-- Opening Marker --
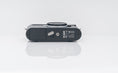 Load image into Gallery viewer, Leica M11 60.3MP Digital Rangefinder Camera Black Paint
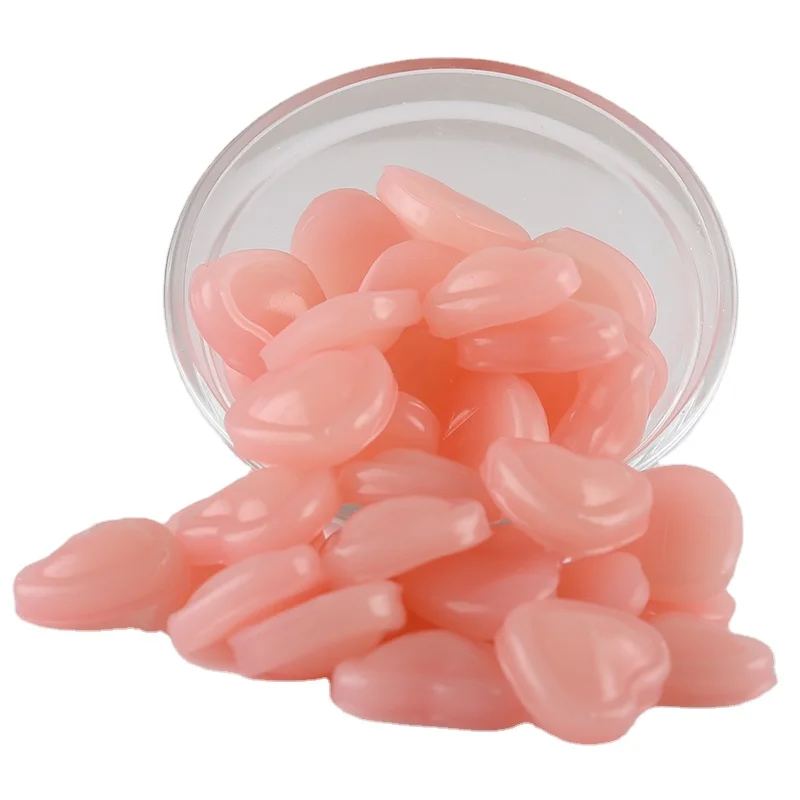 Pre-Workout Gummies  Caffeine-Free Gummies  Provide Energize Pre-Workout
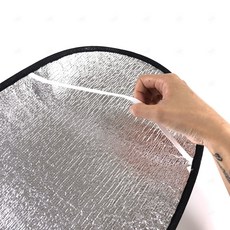 실외기보호장비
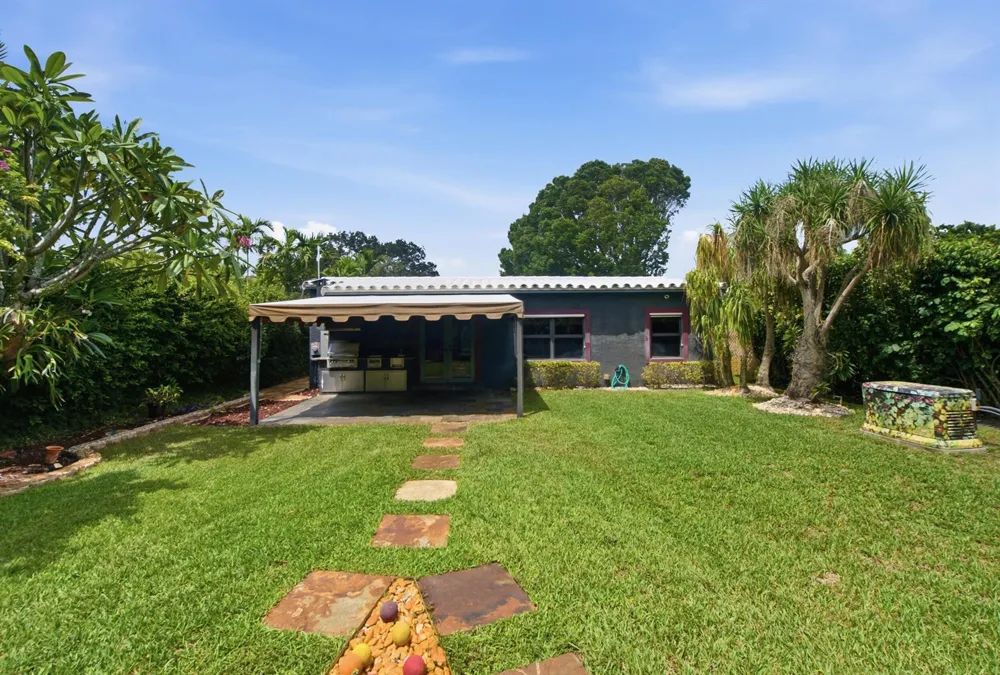 1110 SW 18TH COURT Fort Lauderdale, FL 33315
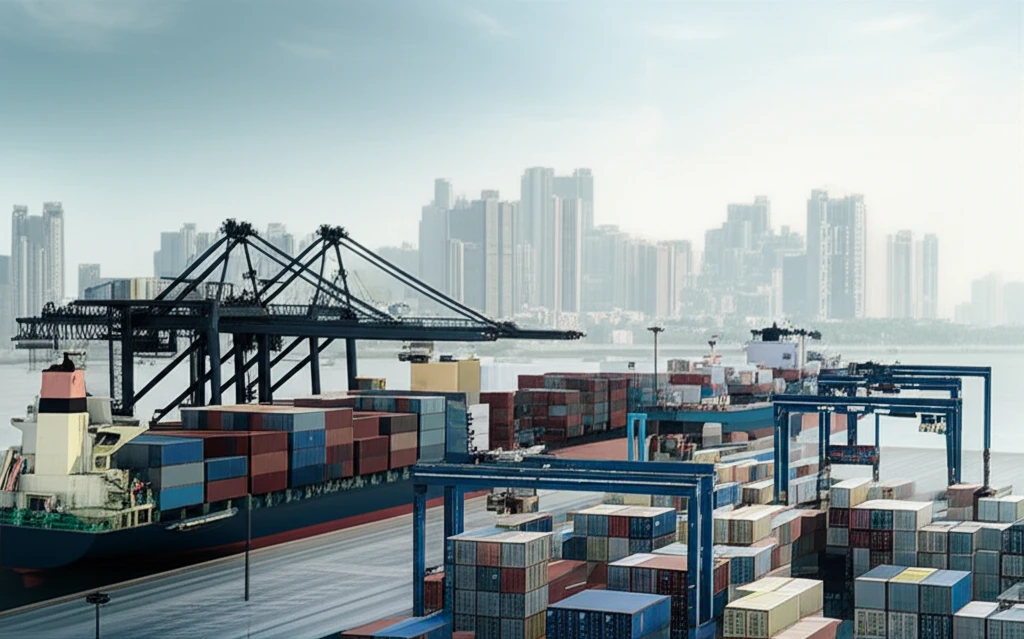 환율 상승과 하락, 그 이면에 숨겨진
-- Closing Marker --
Reproduce exactly, and only, the lines from the one holding "Provide Energize Pre-Workout" through the final line of the entries. Do not include the pictures.

| YOUR SOLUTION |
 Pre-Workout Gummies  Caffeine-Free Gummies  Provide Energize Pre-Workout
 실외기보호장비
 1110 SW 18TH COURT Fort Lauderdale, FL 33315
 환율 상승과 하락, 그 이면에 숨겨진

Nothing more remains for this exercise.